## Records provided
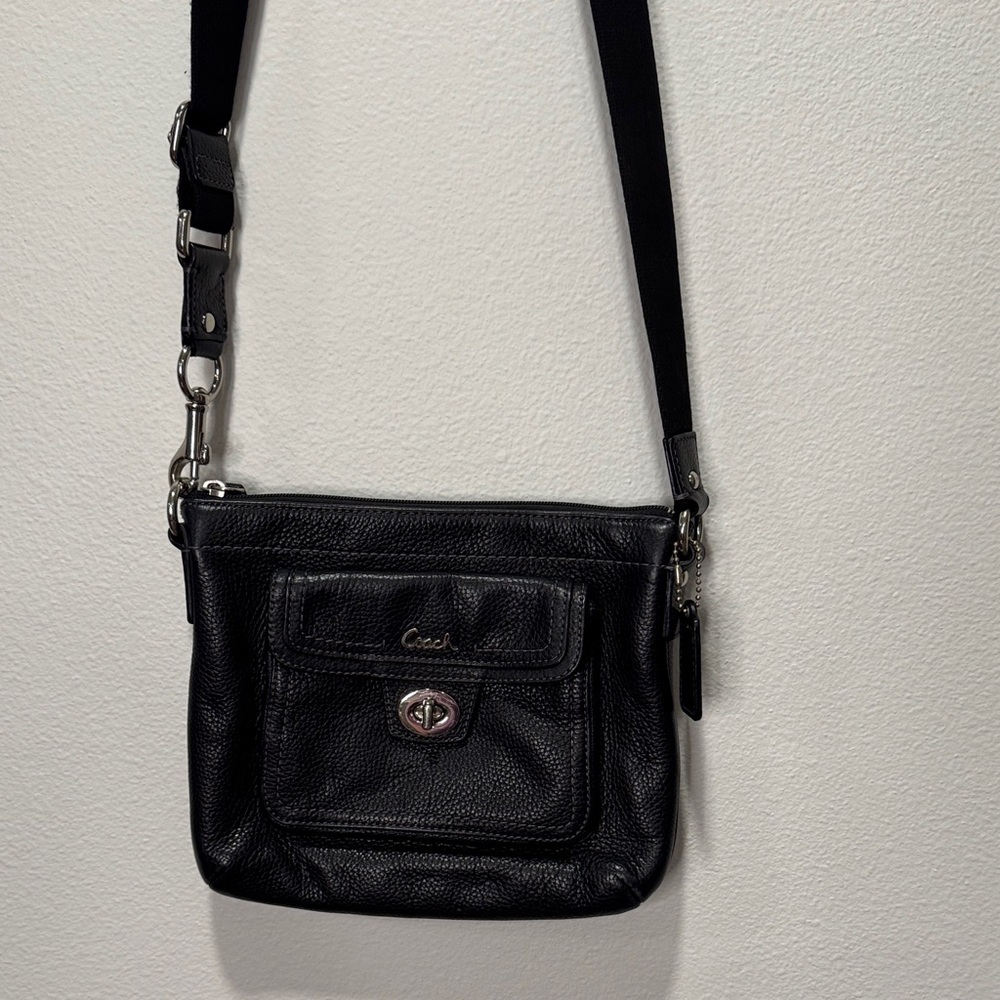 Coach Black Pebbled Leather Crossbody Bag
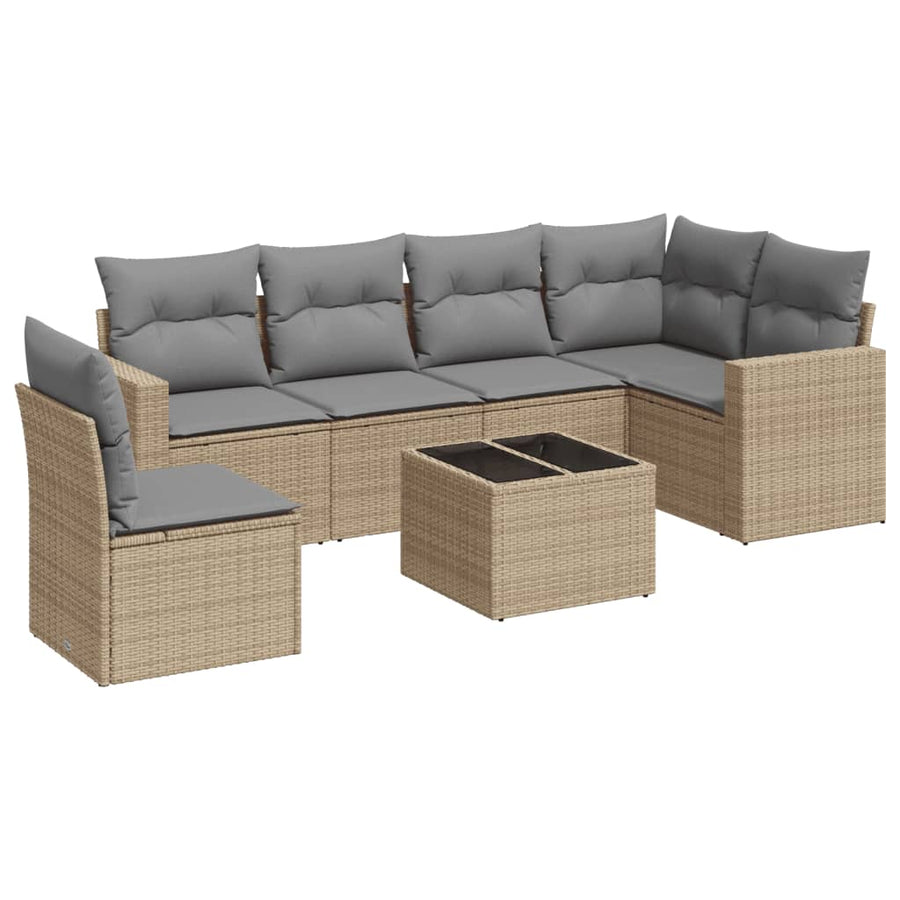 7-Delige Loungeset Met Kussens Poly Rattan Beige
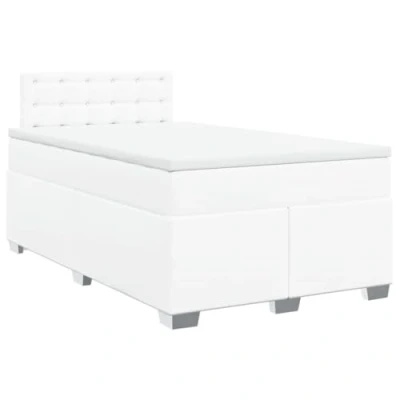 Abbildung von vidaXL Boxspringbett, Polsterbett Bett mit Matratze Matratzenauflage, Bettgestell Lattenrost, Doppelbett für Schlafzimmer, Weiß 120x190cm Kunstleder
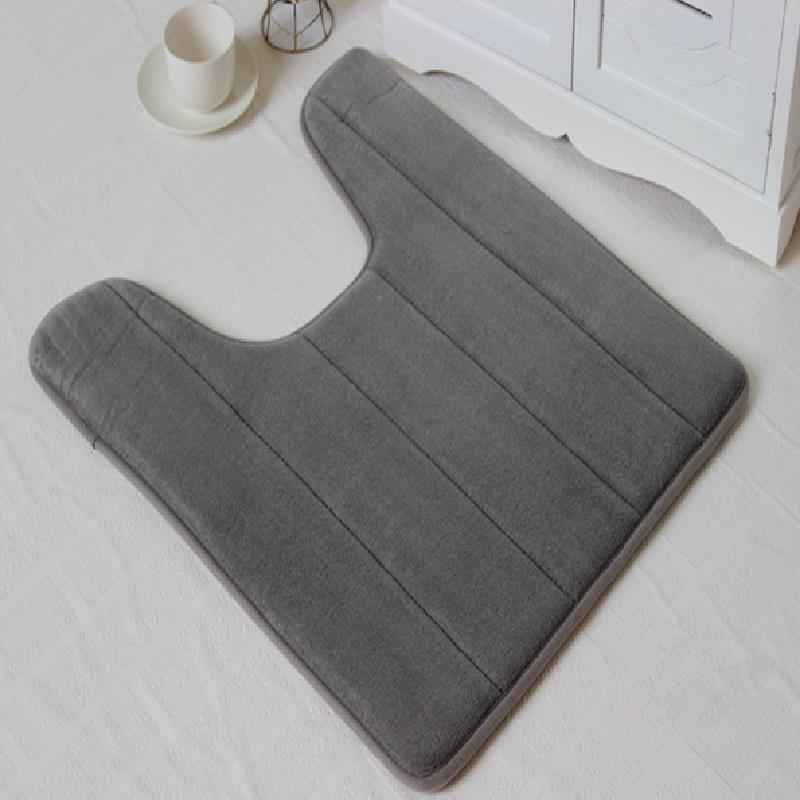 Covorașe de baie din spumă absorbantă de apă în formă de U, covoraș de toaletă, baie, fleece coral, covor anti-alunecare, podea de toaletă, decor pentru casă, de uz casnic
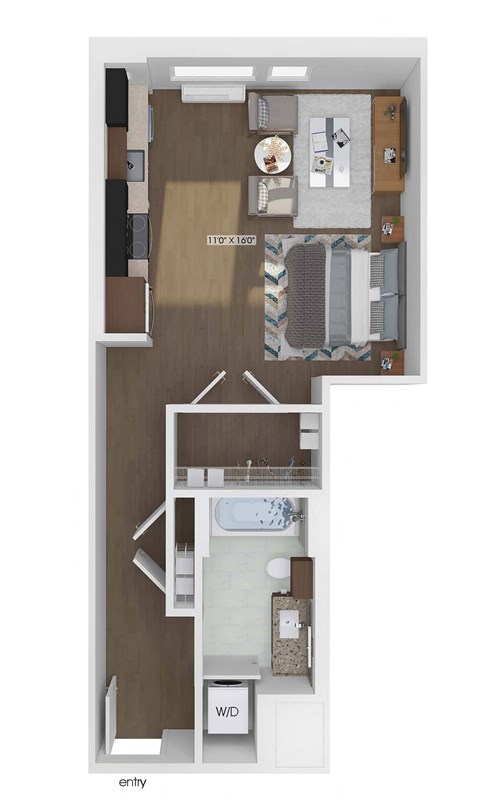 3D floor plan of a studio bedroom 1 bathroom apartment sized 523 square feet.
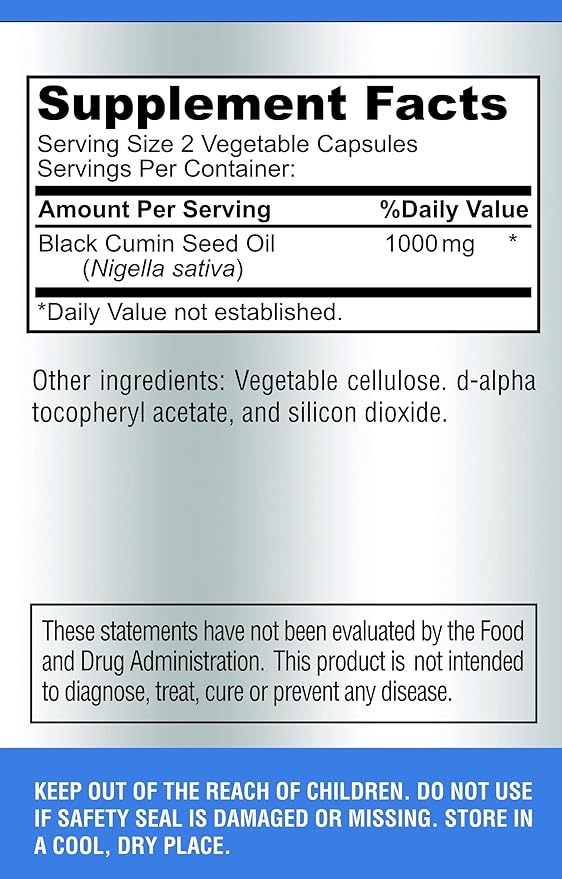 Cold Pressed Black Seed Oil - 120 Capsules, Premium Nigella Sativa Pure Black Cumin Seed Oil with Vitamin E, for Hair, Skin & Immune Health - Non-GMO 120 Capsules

## Task to complete
Set down the material above exactly as written, but not the pictures.

## Reply
 Coach Black Pebbled Leather Crossbody Bag
 7-Delige Loungeset Met Kussens Poly Rattan Beige
 Abbildung von vidaXL Boxspringbett, Polsterbett Bett mit Matratze Matratzenauflage, Bettgestell Lattenrost, Doppelbett für Schlafzimmer, Weiß 120x190cm Kunstleder
 Covorașe de baie din spumă absorbantă de apă în formă de U, covoraș de toaletă, baie, fleece coral, covor anti-alunecare, podea de toaletă, decor pentru casă, de uz casnic
 3D floor plan of a studio bedroom 1 bathroom apartment sized 523 square feet.
 Cold Pressed Black Seed Oil - 120 Capsules, Premium Nigella Sativa Pure Black Cumin Seed Oil with Vitamin E, for Hair, Skin & Immune Health - Non-GMO 120 Capsules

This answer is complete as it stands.